As global demand for multilingual large language models (LLMs) grows, most LLMs still remain overly focused on English, leading to the limited access to advanced AI for non-English speakers. Current methods to enhance multilingual capabilities largely rely on data-driven post-training techniques, such as multilingual instruction tuning or continual pre-training. However, these approaches exhibit significant limitations, including high resource cost, exacerbation of off-target issue and catastrophic forgetting of central language abilities. To this end, we propose Lens, a novel approach that enhances multilingual capabilities by leveraging LLMs' internal language representation spaces. Lens operates on two subspaces: the language-agnostic subspace, where it aligns target languages with the central language to inherit strong semantic representations, and the language-specific subspace, where it separates target and central languages to preserve linguistic specificity. Experiments on three English-centric LLMs show that Lens significantly improves multilingual performance while maintaining the model's English proficiency, achieving better results with less computational cost compared to existing post-training approaches.

Figures (7)

• Figure 1: The overall architecture of our proposed Lens for multilingual enhancement. (1) In the LSP, we begin by decomposing the multilingual latent space, which is formed by the representations of probing samples from both the target and central languages. Using singular value decomposition (SVD), we separate this space into two orthogonal components: a language-agnostic subspace, $\boldsymbol{M}_{a}$, and a language-specific subspace, $\boldsymbol{M}_{s}$. (2) Then in LSM, the parallel multilingual representations of the target languages are pushed toward their respective linguistic expression directions within $\boldsymbol{M}_{s}$, while being pulled closer to the central language in $\boldsymbol{M}_{a}$. Additionally, the representations of the central language are carefully constrained to remain largely intact.
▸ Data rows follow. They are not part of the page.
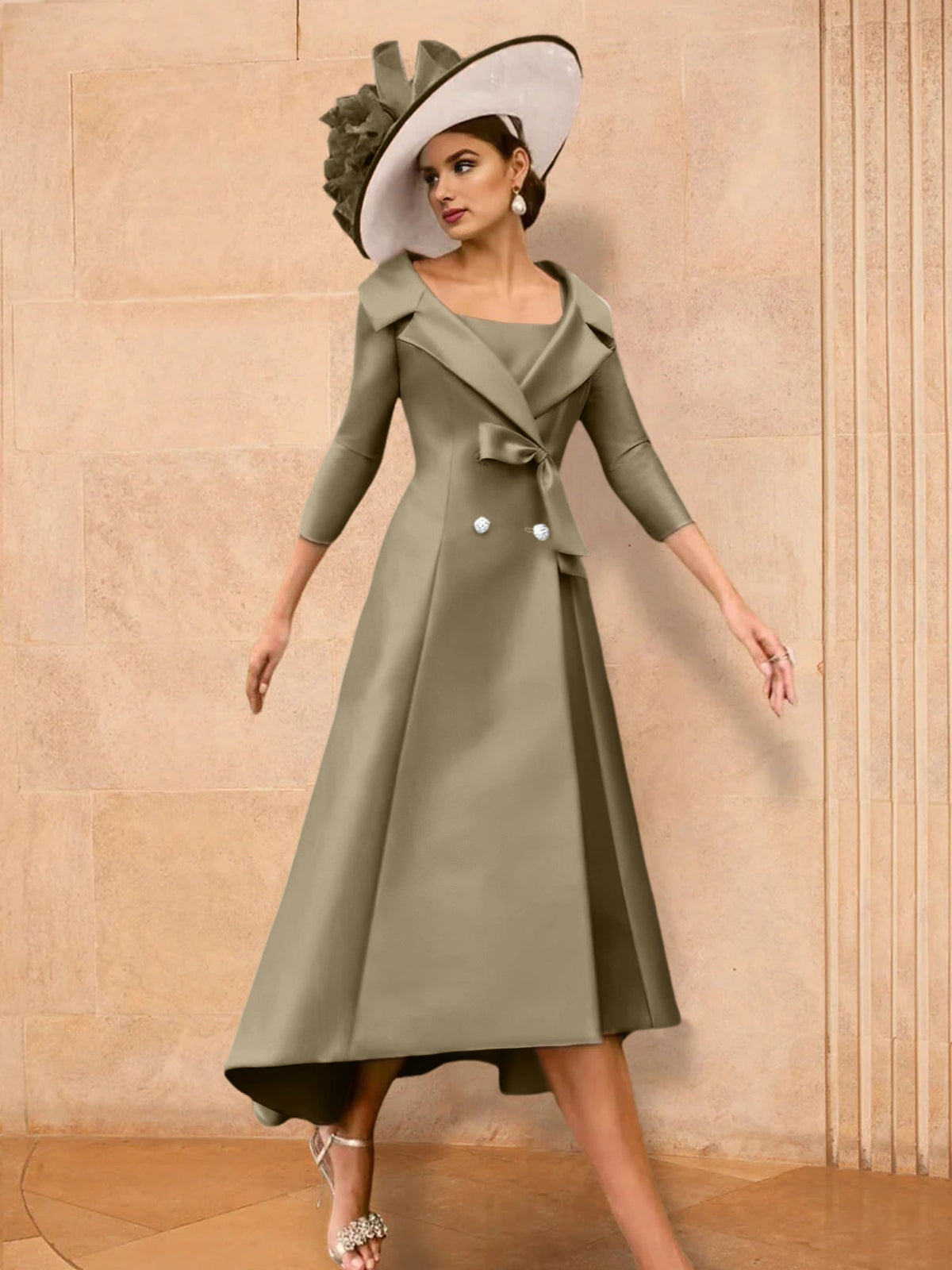 Long Sleeve A Line Princess Gown For The Mother Of The Bride Bowknot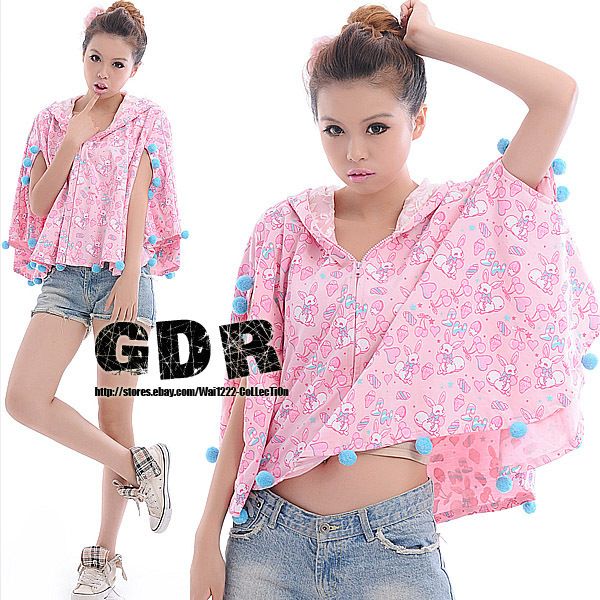 RABBIT HOODIE PUNK PINK #120744 WIDE SLEEVE JACKET TOP  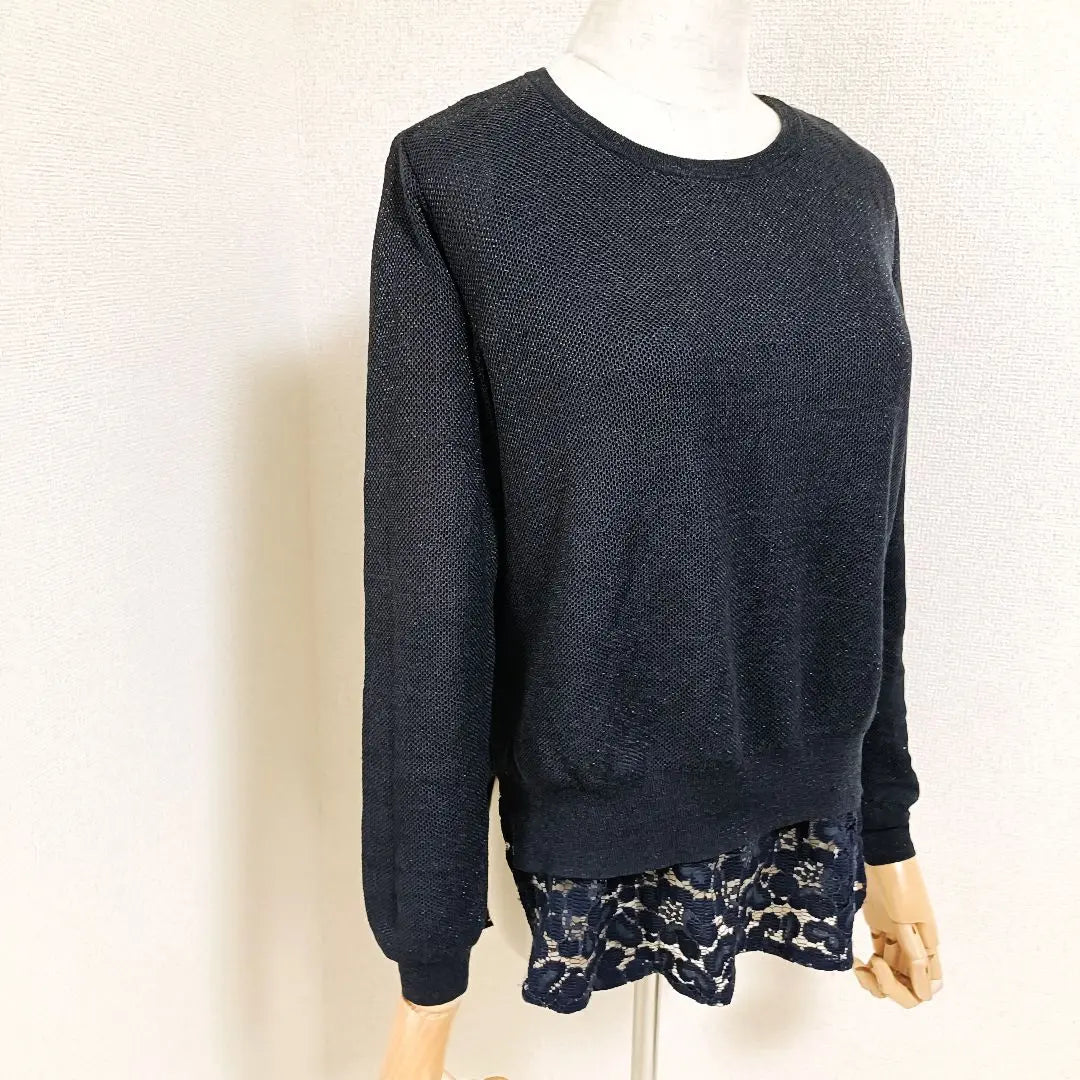 Jiyu Ward, Beautiful Crew Neck Long Sleeve Knit, Floral Lace, Navy Blue, Onward Kashiyama 38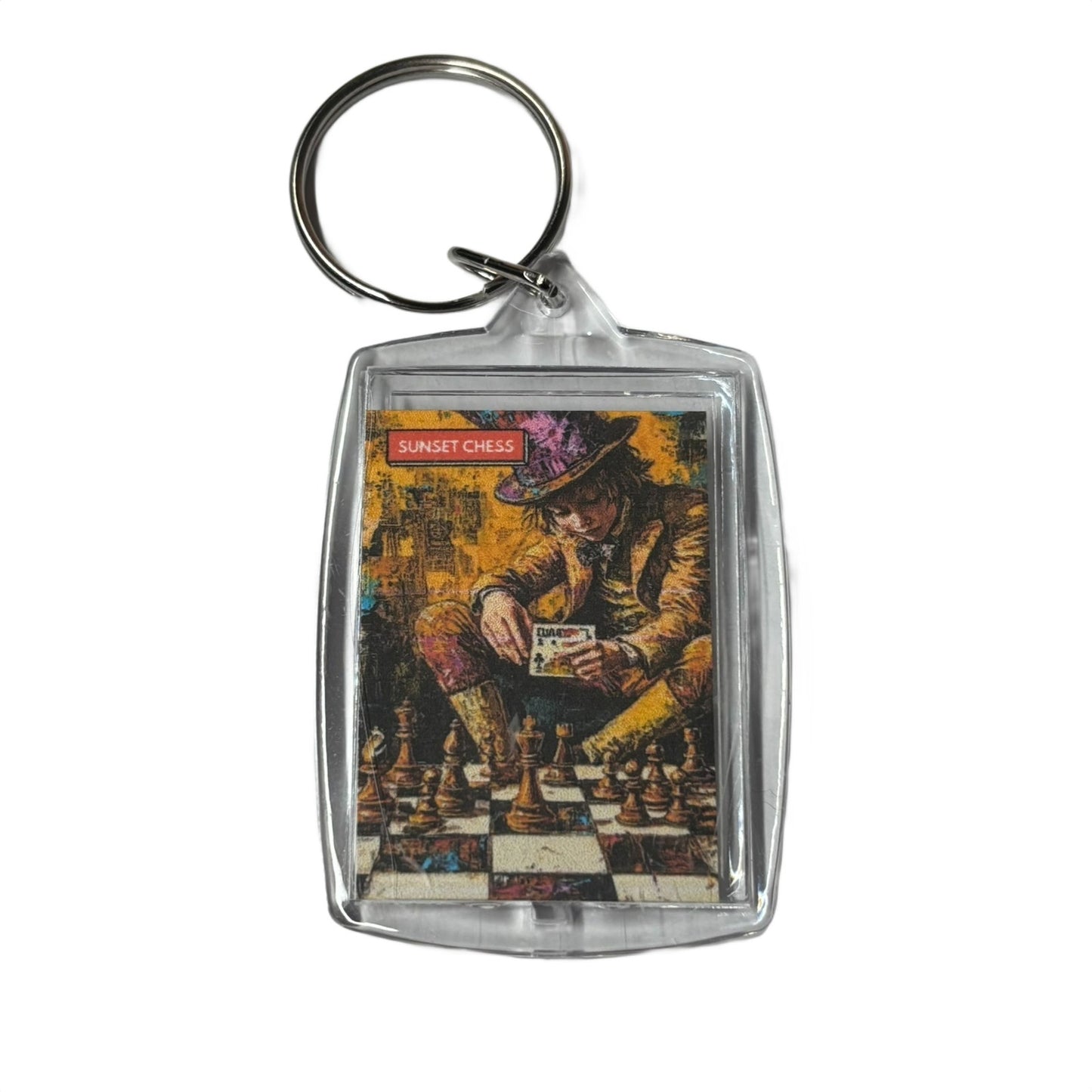 Pondering The Game - Sunset Chess Photo Keychain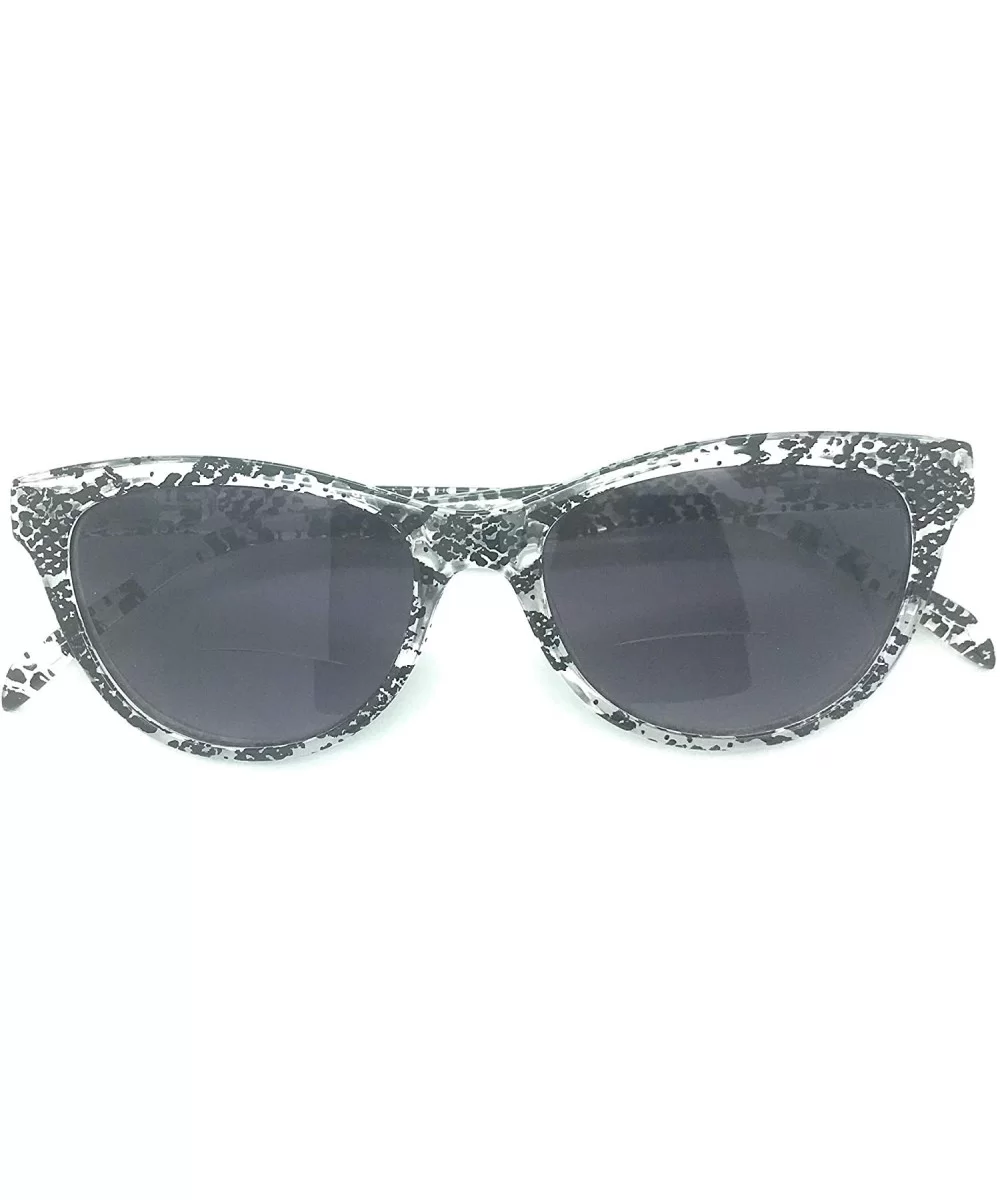 Women's Bi-Focal SunReaders Fashion Cat Eye Sunglasses 1.75 - Black/White Snake Print - C518KE7MUES $13.65 Cat Eye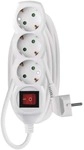 EMOS P1323R Steckdosenleiste, 3 Steckdosen, 3m, 1,5mm&sup2;, Schalter, wei&szlig; (1922130308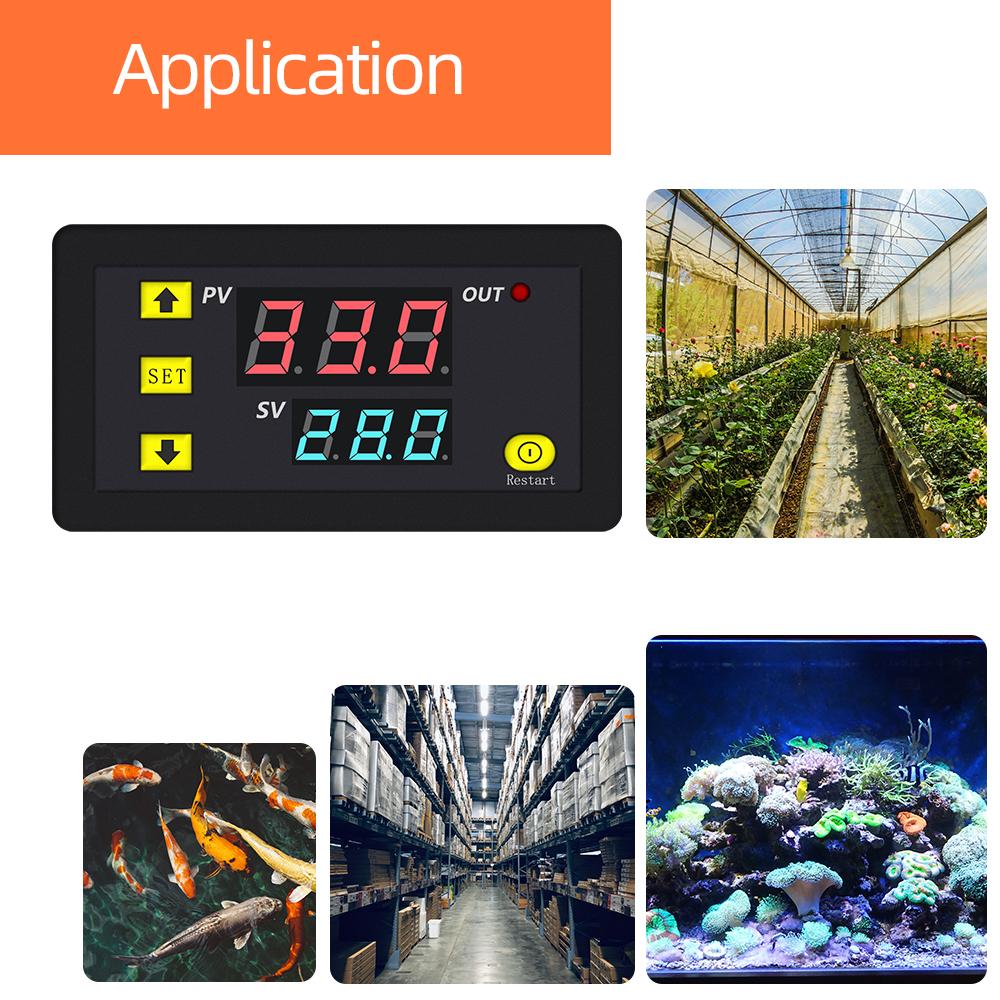 W3230 Микрокомпьютерный контроллер температуры 12 В 24 В переменного тока 110-220 В Цифровой термостат со светодиодным дисплеем Прибор управления отоплением и охлаждением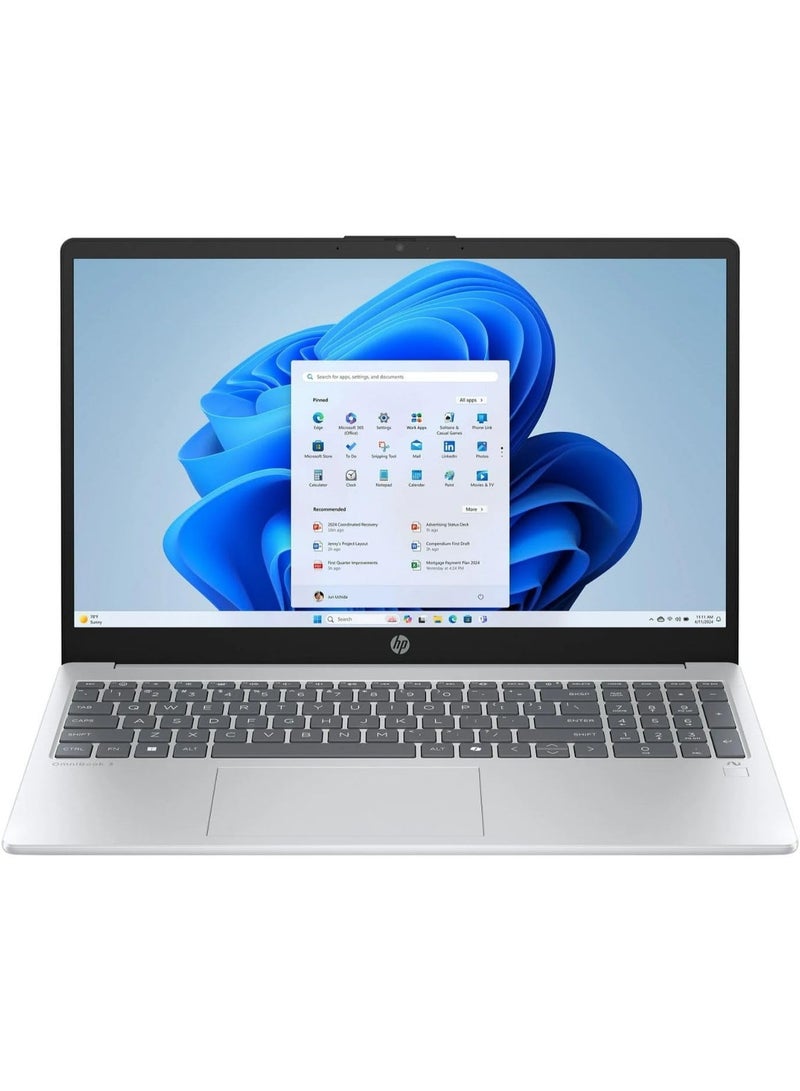 HP OmniBook 3 Copilot+ 15.6" FHD Touch Laptop, AMD Ryzen 5 AI 5 330, 16GB DDR5 RAM, 512GB SSD, AI Smart Features, Wi-Fi 6, Windows 11 Home, Glacier Silver, 2025 English Glacier Silver - Image 1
• Figure 2: The ablation results to verify the effectiveness and impact of different optimization objectives in LSM. MU Performance stands for the average performance on all multilingual understanding benchmarks, while MG Performance is the results on MT-Bench. LF represents language fidelity.
• Figure 3: (a) The impact of varying the number of manipulated layers. (b) The impact of training data volume. (c) Comparison with open-source multilingual-enhanced LLMs.
• Figure 4: The PCA visualization of multilingual representations projected in the obtained language-agnostic subspace (right) and the language-specific (left) subspace. The backbone model is LLaMA-3-8B-Instruct after multilingual enhanced with Lens.
• Figure 5: Results on the multilingual understanding and generation benchmarks with LLaMA-3-8B-Instruct backbone under the multilingual setting.